После наводнения черты «нового» завода-мира-Церкви проступают с большей очевидностью («кастрация» мира приводит к его расцвету: цехов и машин стало больше). Воскресшая, непорочная советская София-Церковь обретает своего «попа» - «ночного директора» деда Матвея («Поп? - ответил дед Матвей, рассматривая себя в магазинном зеркале. -Служитель культа»); свою «паству», которую дед - Отец «Большой семьи» - Государства, «исповедует» только ночью, оборачивающейся долгожданным утром «нового дня Родины». В это время «поп» слушает указующий «зов» Москвы - «московский телефон, на отдельном круглом столике, всегда таинственно тихий, загадочный».

Коммунизм, вслед гностицизму, можно считать «материалистической религией зова» (Г. Йонас). «Зов» в соцреализме - знак иного, утопически-прекрасного мира человеку, достичь который можно, руководствуясь известными партийными доктринами, получающими оккультное значение. «Этот "будущего зов" - характерный знак соцреалистической мен-тальности, и его универсальность ... проявляется в сферах самых неожиданных» [28, а 392].
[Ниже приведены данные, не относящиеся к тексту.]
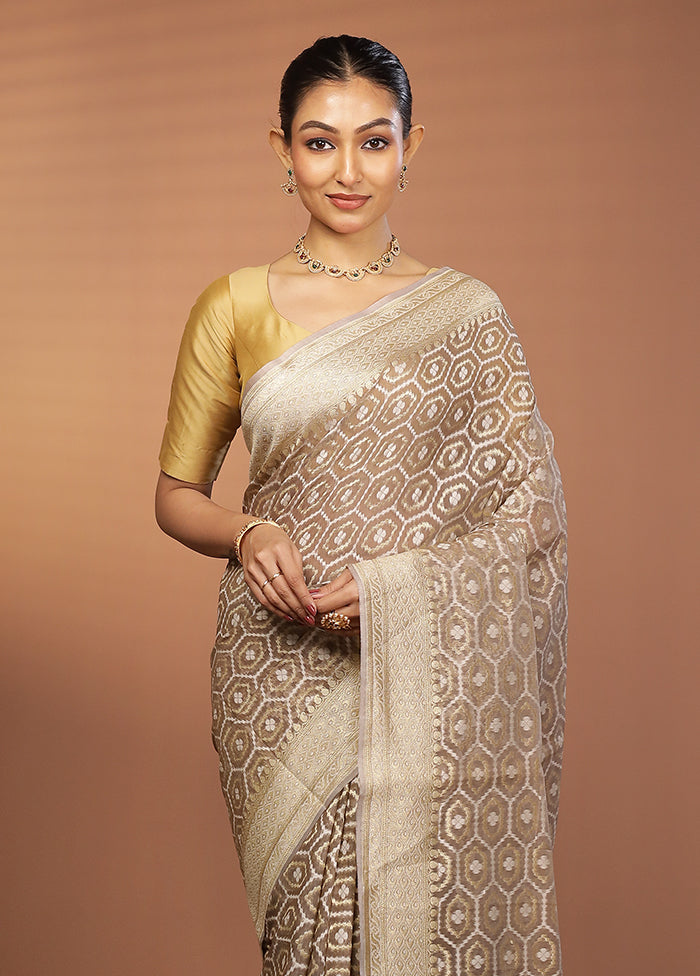 Grey Pure Cotton Saree With Blouse Piece
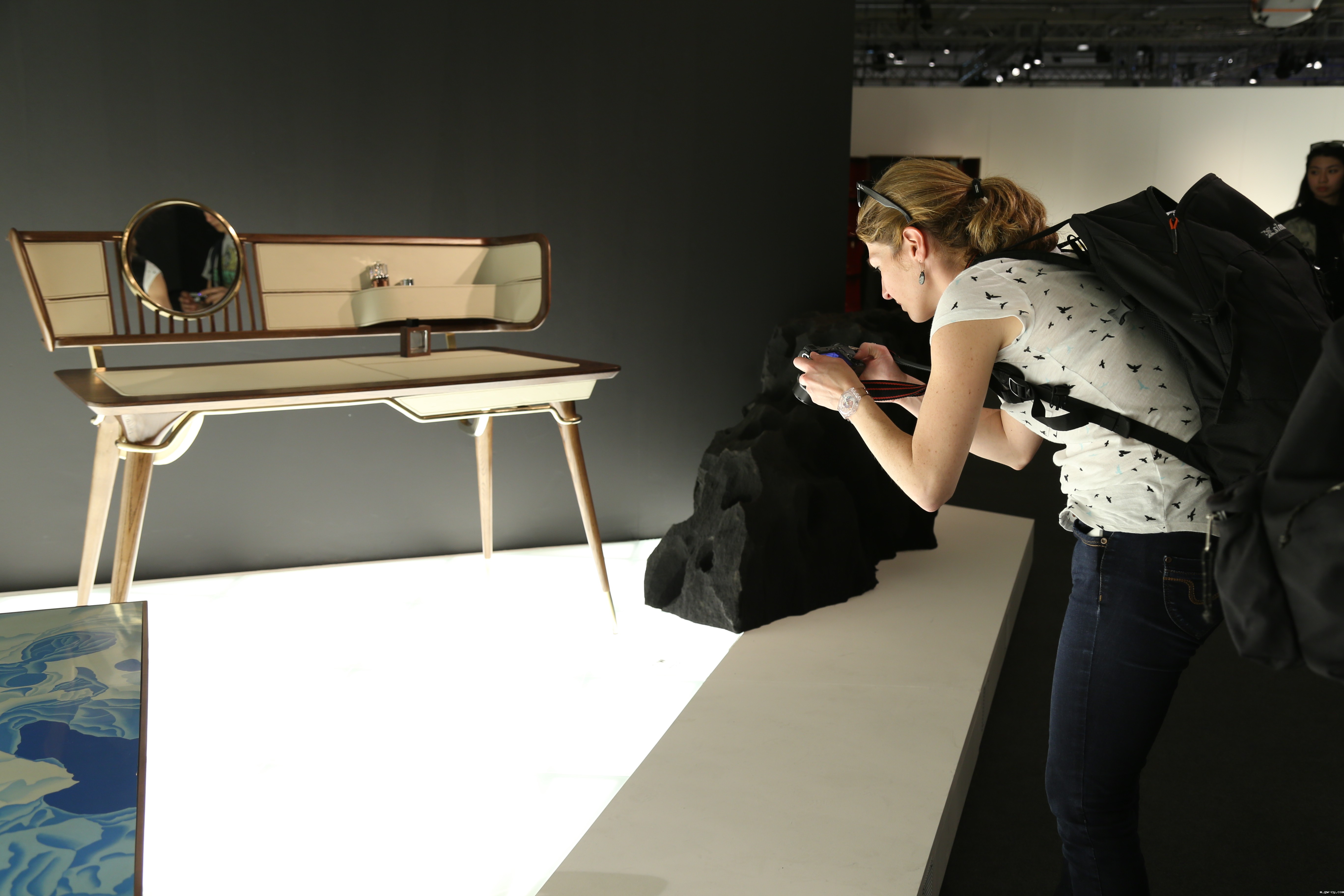 J&Abetway开户网站董事长/总设计师姜峰先生家具作品《素月》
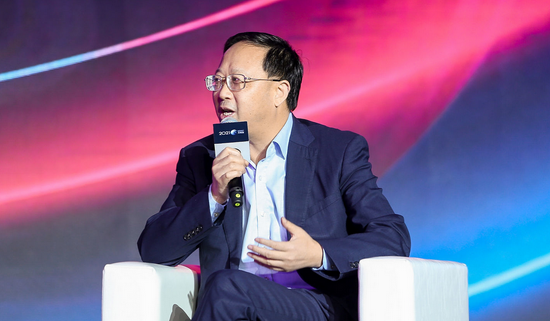 博时基金董事长江向阳要主动拥抱互联网客户的自我觉醒否则将面临信任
Утопический завод - фаланстер - «сад» вызывает непосредственную ассоциацию с адом (в учениях гностиков добро и зло взаимозаменяемы), и партийные руководители собираются «через эти лимоны. провалиться сквозь пол». В «новой» коммунистической модели мироздания «верх» и «низ» меняются местами; движение по «лестнице-то в революцию», к прекрасному будущему, заканчивается для деда Матвея постижением тайн заводского «подземного хозяйства». Пророчество хирурга Сарториуса («Счастливая Москва») о нахождении Души мира - Софии в утробе Земли оправдывается самым непосредственным образом. Роли «нового Мессии» и «Палача», хранителя Аида, становятся равно достойны, равно пусты, десемантизируются.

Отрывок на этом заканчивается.